__Task description__. Here are the records. Write out exactly the lines between the one holding "Skirt Midi By Babaton In Taupe, Size: 8" and the one holding "Black Diamond Pursuit", inclusive.

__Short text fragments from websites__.

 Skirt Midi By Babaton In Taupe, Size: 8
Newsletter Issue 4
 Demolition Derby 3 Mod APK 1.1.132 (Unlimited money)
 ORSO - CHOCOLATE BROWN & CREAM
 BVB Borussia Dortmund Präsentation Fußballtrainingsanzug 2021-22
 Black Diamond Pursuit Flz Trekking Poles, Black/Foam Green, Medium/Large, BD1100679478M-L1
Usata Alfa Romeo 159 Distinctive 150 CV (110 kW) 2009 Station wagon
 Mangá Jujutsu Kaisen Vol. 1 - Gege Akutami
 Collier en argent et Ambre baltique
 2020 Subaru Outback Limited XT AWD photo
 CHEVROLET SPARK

---

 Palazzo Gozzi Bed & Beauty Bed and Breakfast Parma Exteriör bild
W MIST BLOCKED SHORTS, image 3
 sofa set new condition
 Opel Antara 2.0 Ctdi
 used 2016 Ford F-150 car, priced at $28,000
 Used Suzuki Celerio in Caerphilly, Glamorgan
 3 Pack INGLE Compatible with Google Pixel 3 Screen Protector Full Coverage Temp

--

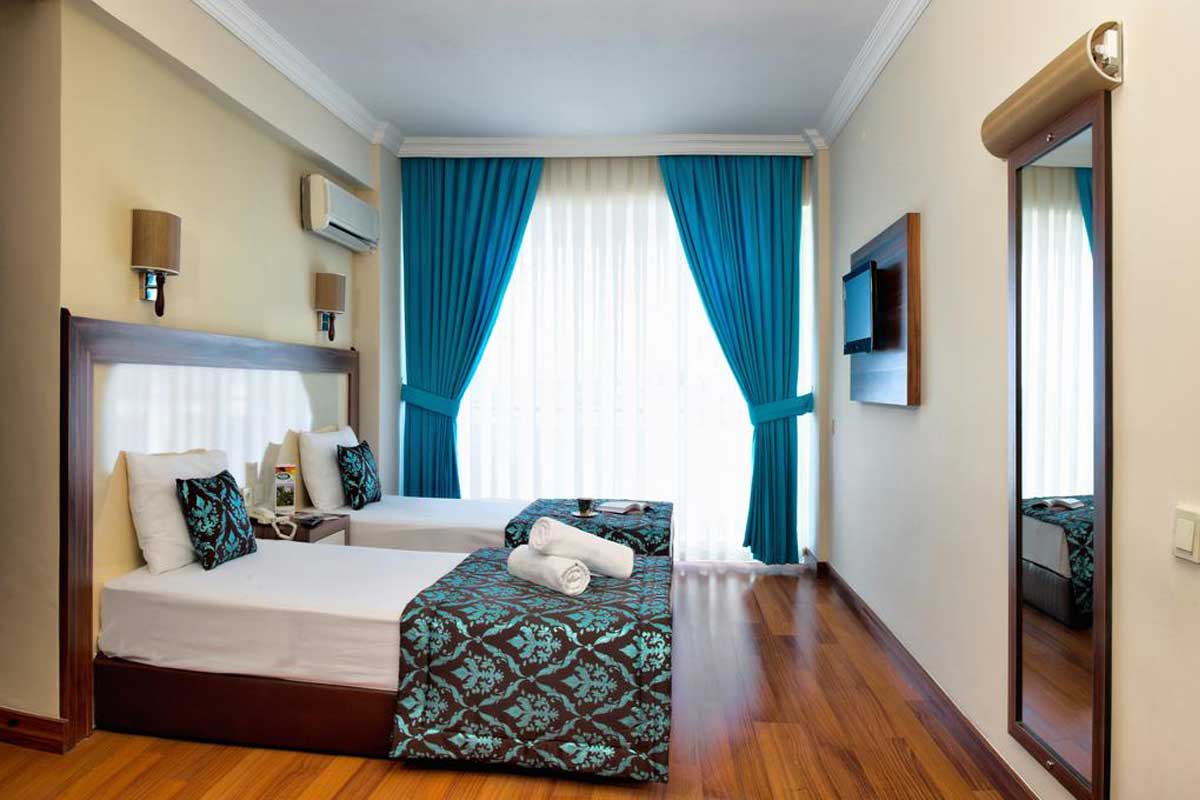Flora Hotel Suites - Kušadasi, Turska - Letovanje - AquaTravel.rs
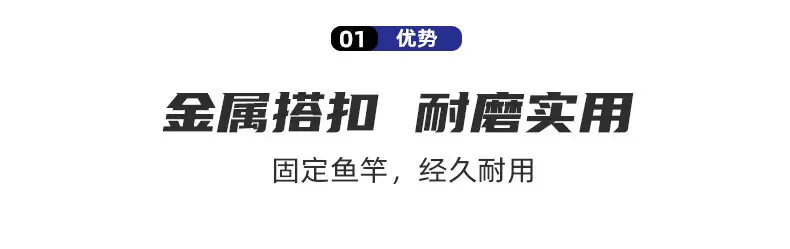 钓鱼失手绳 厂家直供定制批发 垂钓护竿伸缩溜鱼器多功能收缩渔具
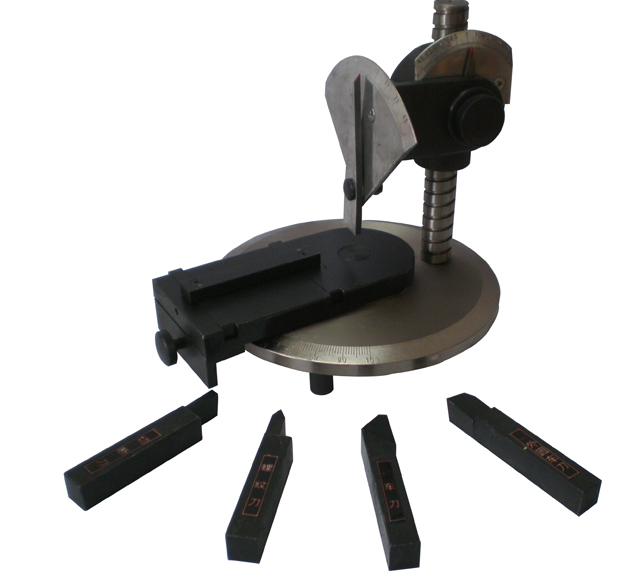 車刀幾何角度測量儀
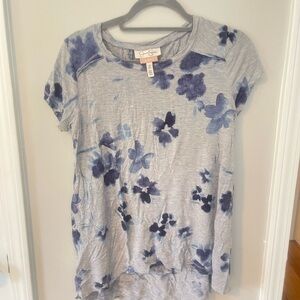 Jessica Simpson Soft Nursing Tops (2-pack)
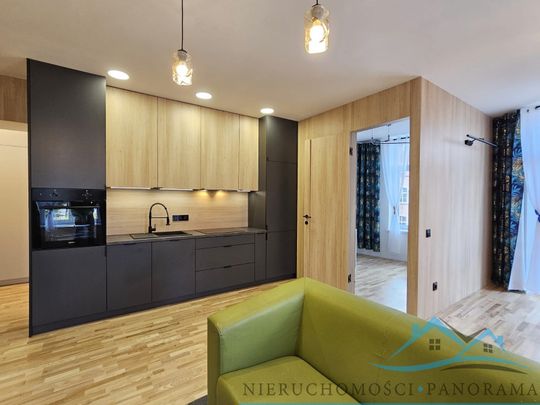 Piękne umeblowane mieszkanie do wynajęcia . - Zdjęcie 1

__Result for this exercise__.
 Skirt Midi By Babaton In Taupe, Size: 8
Newsletter Issue 4
 Demolition Derby 3 Mod APK 1.1.132 (Unlimited money)
 ORSO - CHOCOLATE BROWN & CREAM
 BVB Borussia Dortmund Präsentation Fußballtrainingsanzug 2021-22
 Black Diamond Pursuit Flz Trekking Poles, Black/Foam Green, Medium/Large, BD1100679478M-L1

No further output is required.